Notes on Professionalism

“Which occupations have gone how far in professionalizing? Established solidly since the late Middle Ages have been law, the clergy, university teaching (although the church did dominate universities, medieval faculty were by no means all clergy), and to some extent medicine (especially in Italy). During the Renaissance and after, the military provided professional careers for a dispossessed aristocracy. Officer cadres in the standing armies of Europe from the sixteenth to the nineteenth centuries developed a professionalism based on a sense of brotherhood in a self-regulating fraternity dedicated to codes of honor and service.

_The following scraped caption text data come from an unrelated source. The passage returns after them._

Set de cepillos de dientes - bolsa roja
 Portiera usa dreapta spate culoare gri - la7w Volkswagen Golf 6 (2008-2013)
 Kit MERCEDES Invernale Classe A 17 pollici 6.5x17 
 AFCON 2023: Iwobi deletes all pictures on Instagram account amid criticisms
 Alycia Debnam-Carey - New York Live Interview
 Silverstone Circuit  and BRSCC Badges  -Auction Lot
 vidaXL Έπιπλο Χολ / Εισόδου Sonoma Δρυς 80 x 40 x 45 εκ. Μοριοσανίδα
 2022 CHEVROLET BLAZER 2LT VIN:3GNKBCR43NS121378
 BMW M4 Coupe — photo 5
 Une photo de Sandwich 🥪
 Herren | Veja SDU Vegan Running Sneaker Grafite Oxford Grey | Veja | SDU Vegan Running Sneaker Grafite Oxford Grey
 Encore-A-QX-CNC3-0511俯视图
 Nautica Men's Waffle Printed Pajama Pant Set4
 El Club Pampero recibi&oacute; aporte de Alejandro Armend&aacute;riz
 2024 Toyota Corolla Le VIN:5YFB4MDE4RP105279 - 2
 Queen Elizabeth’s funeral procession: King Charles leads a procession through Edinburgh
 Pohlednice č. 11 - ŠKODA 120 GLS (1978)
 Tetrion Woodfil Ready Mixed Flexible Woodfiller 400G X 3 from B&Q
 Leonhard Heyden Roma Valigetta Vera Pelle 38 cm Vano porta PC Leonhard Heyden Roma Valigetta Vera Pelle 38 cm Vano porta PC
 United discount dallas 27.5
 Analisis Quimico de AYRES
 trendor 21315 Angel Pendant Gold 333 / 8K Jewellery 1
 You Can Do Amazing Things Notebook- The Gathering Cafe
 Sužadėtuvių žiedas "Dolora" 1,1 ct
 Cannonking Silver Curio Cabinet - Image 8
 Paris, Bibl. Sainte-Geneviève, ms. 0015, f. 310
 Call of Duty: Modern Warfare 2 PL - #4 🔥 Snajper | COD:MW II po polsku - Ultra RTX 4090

Dentistry, architecture, and some areas of engineering (e.g., civil engineering) were professionalized by the early 1900's; certified public accounting and several scientific and engineering fields came along more recently. Some are still in process-social work, correctional work, veterinary medicine, perhaps city planning and various managerial jobs for nonprofit organizations-school superintendents, foundation executives, administrators of social agencies and hospitals. There are many borderline cases, such as school teaching, librarianship, nursing, pharmacy, optometry. Finally, many occupations will assert claims to professional status and find that the claims are honored by no one but themselves. I am inclined to place here occupations in which a market orientation is overwhelming- public relations, advertising, and funeral directing”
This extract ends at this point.